The second study indicates that current momentum indicators are deeply oversold, leaving the market vulnerable to a sudden change in direction. The third study indicates a gradual widening of the December/March spread. This spread closed as narrow as minus 6 1/4 cents in December on the weekly chart (March over the December), while ended last week at a 12-cent carry. This could be viewed as a gradual increase in bearish sentiment among commercial traders and the widest this spread has traded since last September.

Noncommercial traders, on the other hand, are holding a modest net-long position of 193 contracts of spring wheat, a small recovery from the 86 contracts held last week which was the smallest net-long position held since Oct. 1 2013. A prolonged change in trend will require renewed interest from this group of traders.

The red line in the lower study represents the Dec HRS/Dec HRW spread.
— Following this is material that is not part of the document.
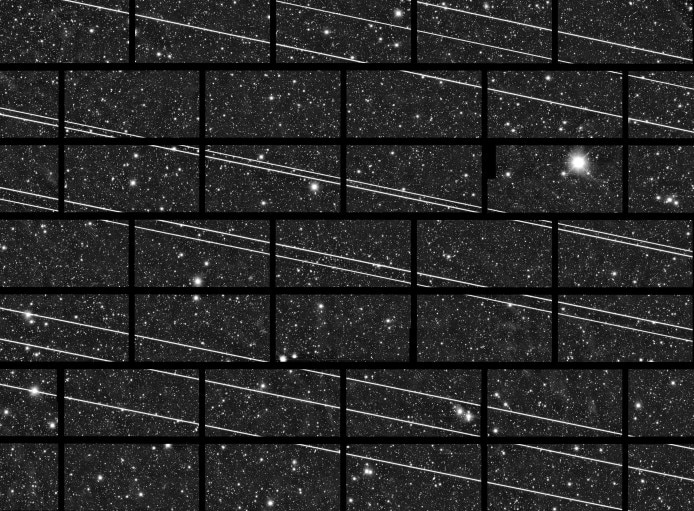 Light pollution from satellite mega-constellations threaten space-based observations – Physics World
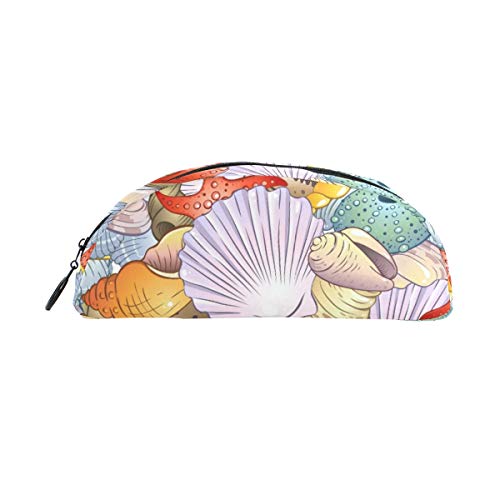 Preisvergleich Produktbild MONTOJ Kosmetiktasche mit Muschelmuster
This spread has trended higher (HRS increasing in value relative to HRW) since Dec. 15 and reflects a growing interest in higher quality supplies. Last week's close was 23 1/2 cents (HRS over HRW) and represents the highest level seen over the life of the contract.

Cash basis on the Prairies also indicates growing interest for new crop deliveries. The average prairie-wide basis for October delivery has narrowed from as wide as 43 cents under the December in late January to 5 cents over the December in Monday's trade. This represents an average bid of $5.84 1/2/bu or $214.77/mt.